Dataset extract

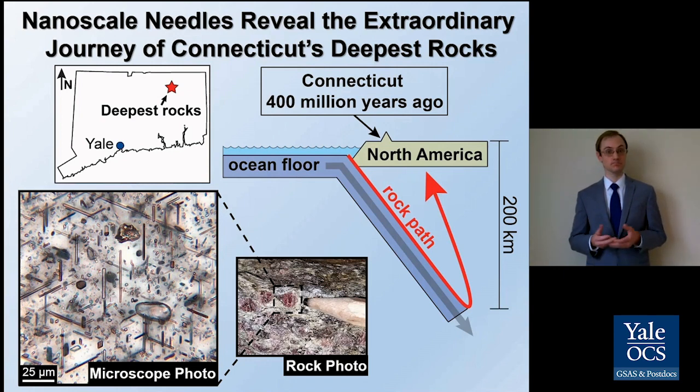So the next time you go hiking, take a look at the rocks under your feet. Each one has an incredible story to tell about how it got there.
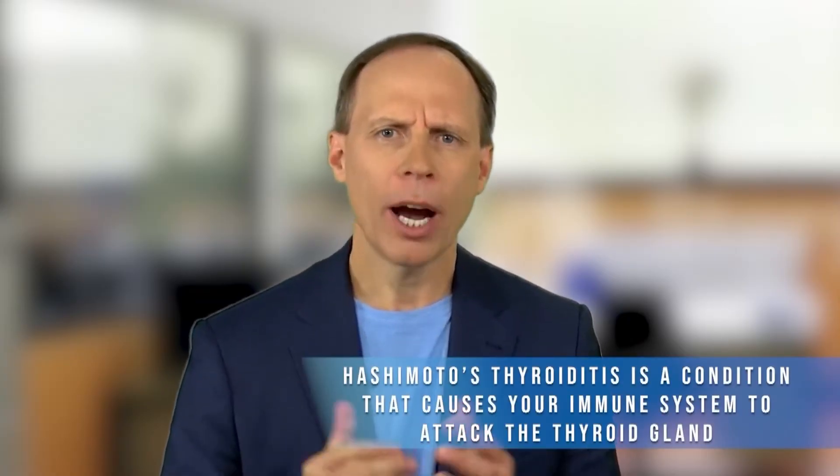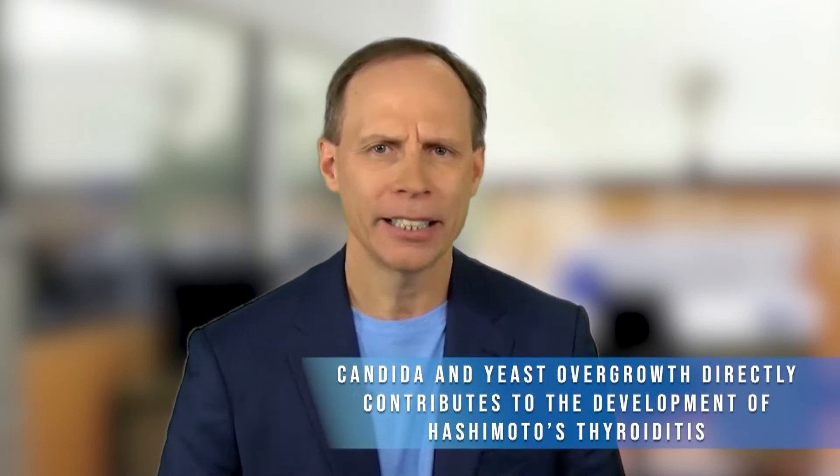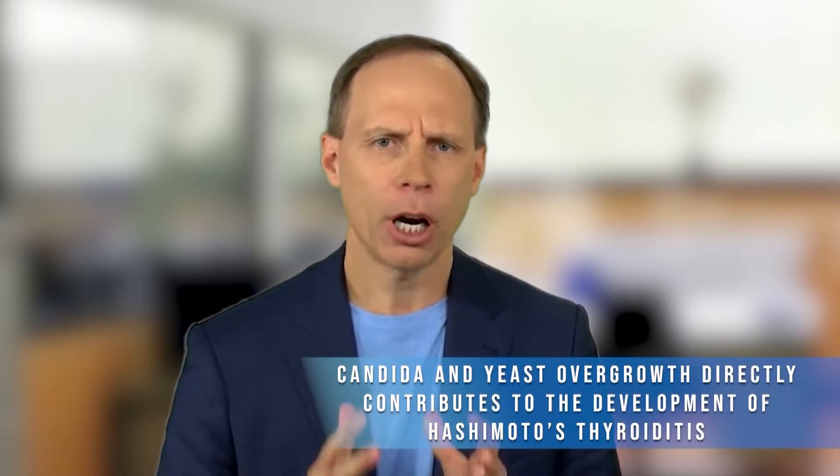That's where your immune system attacks your thyroid gland. Why is that? Well, one of the reasons can be candida overgrowth in the body. As your body mounts a response to candida or yeast overgrowth, it cross-reacts to your thyroid gland. And as doctors, we want to treat the root causes of why you have this autoimmune condition, and there are some great nutrients people can use as well.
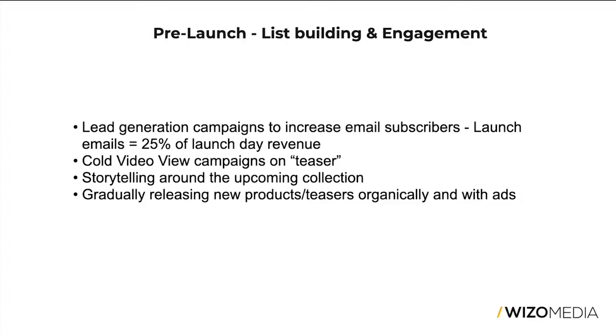With those lead generation campaigns, the goal was based on what we realized: for every launch, emails were responsible for about 25% of the revenue. Yesterday it was about 27% attributed to email, so we knew this was an opportunity to capitalize on. We offered a small discount for anyone who registered with their email and opted into our lead generation campaign — they were among the first to know about the launch, receiving an email and SMS upon launch.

Aim of the task
Print, exactly and only, the lines running from the line with "That's where your" through the last line of the data, including both. Skip any picture.

Your solution
That's where your immune system attacks your thyroid gland. Why is that? Well, one of the reasons can be candida overgrowth in the body. As your body mounts a response to candida or yeast overgrowth, it cross-reacts to your thyroid gland. And as doctors, we want to treat the root causes of why you have this autoimmune condition, and there are some great nutrients people can use as well.
With those lead generation campaigns, the goal was based on what we realized: for every launch, emails were responsible for about 25% of the revenue. Yesterday it was about 27% attributed to email, so we knew this was an opportunity to capitalize on. We offered a small discount for anyone who registered with their email and opted into our lead generation campaign — they were among the first to know about the launch, receiving an email and SMS upon launch.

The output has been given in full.